1. genel tanımının yapılamayacağı, yapılmasının anlamsız olacağı şeylerden biri.

    erkek böyle yaşar, kadın böyle yaşar. oldu. aldım siparişi.
  2. sosyal iliskilerin erkek ve/veya kadin olarak degerlendirilmesi bence cok dogru degil. zira hicbir algi kadin ve erkek olarak sinirlandirilamaz. egitim, yas, sosyal ve etnik yapilar tamamen farkli yargilar olusmasina sebep olur.
  3. kadın erkek olarak değil de durumu daha yaşanması gereken şeyler var ilişkisi vs bitmiş ilişki diye ayırmak daha mantıklı bence. daha yaşanması gereken şeyler var durumunda uzun süre dolduramazsın o boşluğu, etrafında alternatifler çokken sadece o kişiye saplanırsın, yanlış kişi olduğunu bilirsin ama istersin işte neyseki mantığın hala nefes alıyordur ve kontrol onun ellerindedir çok şükür. diğer durumdaysa bitmesi gerekiyordu bitti, ayran gönül fora (bkz: .)
    r2-d2
  4. nazım hikmet'in çok sevdiğim bir şiiri vardır. ölmeden önce sevgilisi vera'ya yazdığı bilinir. şiir şu:

    "gelsene dedi bana
    kalsana dedi bana
    gülsene dedi bana
    ölsene dedi bana

    geldim
    kaldım
    güldüm
    öldüm "

    nazım bu şiiri yazdıktan kısa bir zaman sonra ölür rusya'da. türkiye'de ise erkek bu şiiri okur. kadın gider, kalır, güler ve ayrılınca "ölür". erkekse bu şiiri bir başkasına okur.
  5. kadın gider sinirleniriyle iyice oynar erkeğin. ayrılma cesaretini göremez kendinde. erkeğin damarına basar basar durur yani. erkekte ne halin varsa gör der ayrılır. zaman geçince erkek ayrıldı diye sorumluluğu erkeğin üstüne atar. ''değmezmişsin, sen istemedin mi böyle olmasını'' gibi şeyler der durur.
  6. ilk başta kadın eksik hisseder, yalnız hisseder; erkek rahatlamış ve özgür hisseder. ama sonra kadın rahatlamış ve mutlu hissederken erkek bir zamanlar sevdiği kadını geri ister.
  7. genellemenin doğru olmadığına katılmakla birlikte; erkeğin başlarda daha pervasız ve özgür davrandığını, sonradan ise çöktüğüne bir çok defa şahit oldum. (ben de dahil olarak.) kadınlarda ise süreç tam tersine işliyor.

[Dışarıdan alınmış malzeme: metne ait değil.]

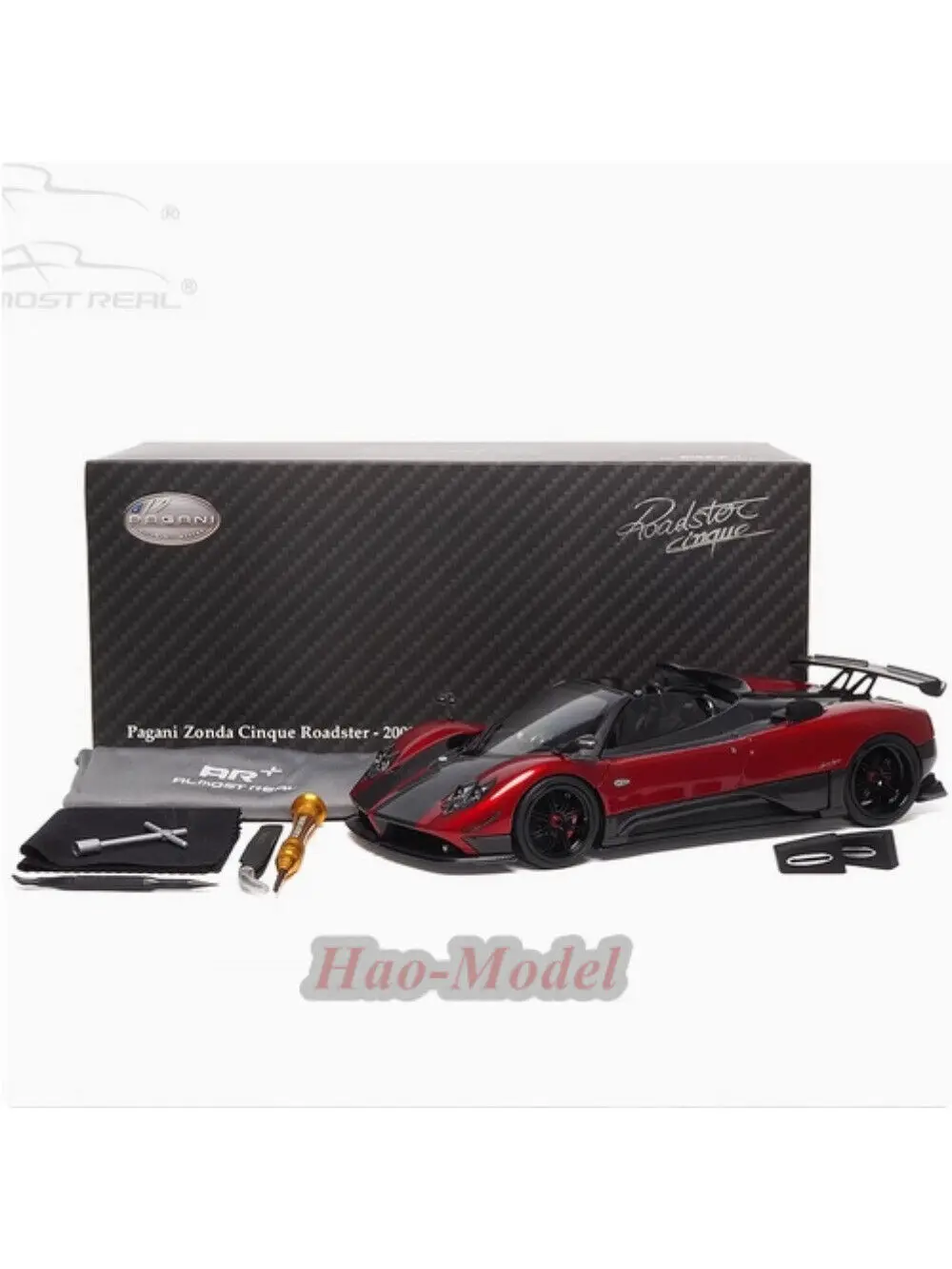 AR 1/18 For Pagani Zonda Cinque Roadster 2009 Alloy Diecast Car Model Simulation Toys Birthday Gifts Hobby Display Collection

    ancak en başta dediğim gibi genellemek çoğu zaman yanlış olur. zira kişilerin birbirine karşı olan bağları, anıları ve buna benzeyen her kavram kendi başına bir derinlik oluşturur. haliyle epey karmaşık bir yapıdır.

    sanırım en güzeli bütün süreç tamamlandıktan sonra biraz buruk dahi olsa bir parça tebessümle hatırlayıp, sessiz sessiz hayata devam etmektir. öyle naif duygu yığınları velhasıl.